The process itself is quite similar to a 2-screw anchor. Place three screws in the ice, ideally about one foot away from the others. it is best to offset the screws a bit on both vertical and horizontal planes. Clip a carabiner to each screw, and clip in your anchor material. A triple-length sling or cordalette works really well with 3-screw anchors.


And then tie your figure-8 knot. Make sure to keep the cordalette's knot (the one shown in the upper left) away from the figure-8 knot:




And clip in your master 'biner (always a locker):




How to Make a V-thread and Screw Anchor

Sometimes you may want to add in a V-thread to your anchor. I use this especially in the summer on glaciers on Mt. Baker, where we toprope for hours in the hot July sun. Screws can melt out quite quickly in this case because they conduct heat. So I'll often make a V-thread to add to an anchor. Sometimes I'll even do an anchor with two V-threads, but I'll show just one V-thread and one ice screw:


To make this anchor, do a V-thread (see a following blog for how to make V-threads) and put in a screw. Again, make the screw up and to one side of the V-thread. Clip a carabiner to each piece. Clip in your anchor material (shown is a 48" runner). Tie your figure-8 knot to create a masterpoint and clip in your master locker. Voila! A similar setup can be used to backup a V-thread for rappels. Stay tuned to the blog for more info about how to do this.

--Mike Pond, instructor and guide.


5 comments:

Anonymous said...

What is the knot used to create the loop that forms the cordelette in the photos? Looks like an overhand w/ a fatter knot as the backup.

Jason Martin said...

This is a double overhand flat bend, also known as a double Euro Death Knot. You essentially tie two overhands on top of each other.

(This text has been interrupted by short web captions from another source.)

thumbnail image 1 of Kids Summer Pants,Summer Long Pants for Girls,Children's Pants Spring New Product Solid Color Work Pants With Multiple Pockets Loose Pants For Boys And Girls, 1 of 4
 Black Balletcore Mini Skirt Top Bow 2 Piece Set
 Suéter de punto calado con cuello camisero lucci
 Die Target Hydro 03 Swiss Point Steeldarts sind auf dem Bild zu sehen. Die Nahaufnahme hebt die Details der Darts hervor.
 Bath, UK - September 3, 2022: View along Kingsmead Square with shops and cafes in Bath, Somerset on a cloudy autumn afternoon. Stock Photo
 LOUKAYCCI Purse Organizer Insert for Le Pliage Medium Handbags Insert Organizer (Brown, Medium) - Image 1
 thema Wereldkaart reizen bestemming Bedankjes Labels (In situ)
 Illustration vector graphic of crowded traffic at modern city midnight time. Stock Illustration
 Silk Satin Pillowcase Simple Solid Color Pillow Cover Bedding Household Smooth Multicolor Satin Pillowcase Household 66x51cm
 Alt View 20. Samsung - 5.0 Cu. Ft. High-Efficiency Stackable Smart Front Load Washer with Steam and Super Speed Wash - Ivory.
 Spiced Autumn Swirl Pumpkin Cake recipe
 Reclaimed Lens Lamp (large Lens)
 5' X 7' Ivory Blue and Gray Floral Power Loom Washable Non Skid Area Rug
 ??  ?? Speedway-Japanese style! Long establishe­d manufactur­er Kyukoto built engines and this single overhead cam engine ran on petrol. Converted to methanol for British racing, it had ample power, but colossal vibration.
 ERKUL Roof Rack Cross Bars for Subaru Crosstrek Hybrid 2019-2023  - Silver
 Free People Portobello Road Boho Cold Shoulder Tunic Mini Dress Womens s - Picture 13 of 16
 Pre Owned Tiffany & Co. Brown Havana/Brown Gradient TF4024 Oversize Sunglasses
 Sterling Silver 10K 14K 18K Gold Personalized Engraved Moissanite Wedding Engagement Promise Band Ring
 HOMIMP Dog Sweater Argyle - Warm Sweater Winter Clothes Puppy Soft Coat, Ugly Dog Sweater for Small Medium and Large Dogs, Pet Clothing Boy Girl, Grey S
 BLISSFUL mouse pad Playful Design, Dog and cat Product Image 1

Most guides use this to join the two ends of their cordelletes together.

--Jason Martin

Rich said...

Why not triple fisherman's?

Jason Martin said...

The problem with the triple or double fisherman's is that you cannot untie the knot easily. A double overhand flat-bend allows you access to the entire cord instead of fixing it as a loop. In other words, the ability to open up the cord gives you the ability to use it like a webolette...

If you're going to fix the cord permanently as a loop, you're probably better off just purchasing a couple of triple slings. Triple slings are lighter and are more easily stowed than cordalettes.

--Jason

Anonymous said...

Regarding an untie-able cordelette: A zeppelin bend or alpine butterfly bend are easily tied and untied with gloves on, don't require back-ups, are adjustable once tied, and stronger than a flat overhand (which while fine for rappelling loads may not be the best choice in the leg of an anchor that may see a FF2 fall).